Stored items:
----
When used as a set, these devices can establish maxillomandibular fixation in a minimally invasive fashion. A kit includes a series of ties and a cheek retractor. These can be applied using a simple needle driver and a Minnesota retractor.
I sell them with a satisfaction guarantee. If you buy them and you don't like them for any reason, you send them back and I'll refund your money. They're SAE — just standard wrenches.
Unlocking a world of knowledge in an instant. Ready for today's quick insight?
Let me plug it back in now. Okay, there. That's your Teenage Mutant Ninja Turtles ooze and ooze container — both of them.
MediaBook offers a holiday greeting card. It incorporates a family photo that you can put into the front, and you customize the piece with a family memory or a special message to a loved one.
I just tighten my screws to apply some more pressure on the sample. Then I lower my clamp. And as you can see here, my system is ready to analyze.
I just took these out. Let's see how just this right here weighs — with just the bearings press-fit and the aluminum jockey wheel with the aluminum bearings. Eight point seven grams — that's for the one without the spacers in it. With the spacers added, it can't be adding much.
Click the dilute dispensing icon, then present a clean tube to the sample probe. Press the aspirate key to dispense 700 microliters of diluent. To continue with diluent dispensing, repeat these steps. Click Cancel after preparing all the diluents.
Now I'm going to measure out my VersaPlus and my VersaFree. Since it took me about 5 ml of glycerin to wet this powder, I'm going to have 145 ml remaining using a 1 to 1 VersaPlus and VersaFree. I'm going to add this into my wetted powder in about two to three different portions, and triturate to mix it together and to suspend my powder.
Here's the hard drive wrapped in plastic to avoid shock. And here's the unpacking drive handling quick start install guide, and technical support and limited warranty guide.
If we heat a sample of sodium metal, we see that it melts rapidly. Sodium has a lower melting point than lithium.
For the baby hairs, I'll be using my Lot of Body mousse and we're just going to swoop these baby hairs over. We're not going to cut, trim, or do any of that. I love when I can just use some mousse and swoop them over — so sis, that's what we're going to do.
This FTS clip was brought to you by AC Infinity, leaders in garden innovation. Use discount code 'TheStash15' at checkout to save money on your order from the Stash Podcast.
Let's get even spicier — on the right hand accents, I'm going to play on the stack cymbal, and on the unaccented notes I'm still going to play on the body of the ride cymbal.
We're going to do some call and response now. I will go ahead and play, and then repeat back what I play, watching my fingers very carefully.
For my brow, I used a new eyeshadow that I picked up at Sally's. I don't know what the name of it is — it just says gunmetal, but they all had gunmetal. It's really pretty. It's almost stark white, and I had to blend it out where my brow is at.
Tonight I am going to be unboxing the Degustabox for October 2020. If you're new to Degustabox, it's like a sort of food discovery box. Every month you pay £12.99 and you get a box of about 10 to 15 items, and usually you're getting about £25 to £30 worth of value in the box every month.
----
Description of the task: Among the entries above, find the line with "If we heat a" and the line with "For my brow, I"; give again exactly these two lines and all lines between them.

Response area:
If we heat a sample of sodium metal, we see that it melts rapidly. Sodium has a lower melting point than lithium.
For the baby hairs, I'll be using my Lot of Body mousse and we're just going to swoop these baby hairs over. We're not going to cut, trim, or do any of that. I love when I can just use some mousse and swoop them over — so sis, that's what we're going to do.
This FTS clip was brought to you by AC Infinity, leaders in garden innovation. Use discount code 'TheStash15' at checkout to save money on your order from the Stash Podcast.
Let's get even spicier — on the right hand accents, I'm going to play on the stack cymbal, and on the unaccented notes I'm still going to play on the body of the ride cymbal.
We're going to do some call and response now. I will go ahead and play, and then repeat back what I play, watching my fingers very carefully.
For my brow, I used a new eyeshadow that I picked up at Sally's. I don't know what the name of it is — it just says gunmetal, but they all had gunmetal. It's really pretty. It's almost stark white, and I had to blend it out where my brow is at.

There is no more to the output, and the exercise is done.